Owen Stephens (@ostephens)
Making the most of MARC. While there is much talk (often by me) of how “MARC must die”, there is a huge amount of data in a MARC record much of it not exploited in traditional OPACs or indeed so-called ‘next generation’ discovery solutions. Many of the current wave of discovery products are based on a search technology called Solr (http://lucene.apache.org/solr/tutorial.html). In this session I want to use an Open Source discovery product (Blacklight http://projectblacklight.org/) to demonstrate how it can be configured to exploit MARC more fully than traditional OPACs.

While using a specific product, since the underlying technology is shared with other systems, the ideas will apply to other systems as well – and will, I hope, increase understanding of what these systems are truly capable of, as well as almost inevitably highlighting some of the problems with current cataloguing practice in terms of creating data that can be fully exploited by computers.

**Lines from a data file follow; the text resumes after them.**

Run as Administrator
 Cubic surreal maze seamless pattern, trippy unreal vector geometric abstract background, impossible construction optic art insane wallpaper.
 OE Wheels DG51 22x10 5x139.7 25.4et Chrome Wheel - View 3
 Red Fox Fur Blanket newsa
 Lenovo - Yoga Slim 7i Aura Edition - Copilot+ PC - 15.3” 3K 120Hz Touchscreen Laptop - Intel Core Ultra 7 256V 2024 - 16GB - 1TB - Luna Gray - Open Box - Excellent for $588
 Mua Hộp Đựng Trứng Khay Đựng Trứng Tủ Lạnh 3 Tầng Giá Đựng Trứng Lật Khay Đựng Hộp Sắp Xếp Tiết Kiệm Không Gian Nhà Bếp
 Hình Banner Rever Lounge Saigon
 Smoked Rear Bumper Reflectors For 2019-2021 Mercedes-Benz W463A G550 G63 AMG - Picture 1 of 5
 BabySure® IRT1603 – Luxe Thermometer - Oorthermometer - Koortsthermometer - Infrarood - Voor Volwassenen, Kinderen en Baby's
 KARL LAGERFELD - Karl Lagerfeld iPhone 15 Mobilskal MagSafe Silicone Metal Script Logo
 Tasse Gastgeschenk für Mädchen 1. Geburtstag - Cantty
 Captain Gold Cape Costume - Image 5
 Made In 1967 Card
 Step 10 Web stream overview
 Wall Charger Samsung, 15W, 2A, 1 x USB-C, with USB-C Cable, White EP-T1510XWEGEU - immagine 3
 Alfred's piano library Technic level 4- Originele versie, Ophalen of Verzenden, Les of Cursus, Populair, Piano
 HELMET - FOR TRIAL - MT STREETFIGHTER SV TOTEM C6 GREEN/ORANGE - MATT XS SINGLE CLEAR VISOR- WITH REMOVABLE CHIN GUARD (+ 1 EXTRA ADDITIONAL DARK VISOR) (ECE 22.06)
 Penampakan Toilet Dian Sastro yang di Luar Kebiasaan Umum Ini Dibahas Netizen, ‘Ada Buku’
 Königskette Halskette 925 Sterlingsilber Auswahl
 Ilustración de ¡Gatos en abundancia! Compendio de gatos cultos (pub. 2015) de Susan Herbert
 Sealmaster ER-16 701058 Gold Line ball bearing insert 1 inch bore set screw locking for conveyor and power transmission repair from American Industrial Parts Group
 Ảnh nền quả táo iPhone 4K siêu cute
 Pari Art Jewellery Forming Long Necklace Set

This session is squarely aimed at cataloguers who want to understand the capabilities of discovery products – whether to help with library workflows, or to deliver services to users. While I’ll show some code, and those who want to can dive into the relevant configuration files and code, there is no requirement to understand or write code to appreciate the session. Developers who want to find out more about MARC and Blacklight/Solr are also welcome of course.

If you’ve got some MARC records you’d like to use in the session as test cases or to see what we can do with them, bring them along with you and we can give it a go. I’m especially interested in how we might adapt the software to deal with specialist materials – music, rare books, manuscripts, etc.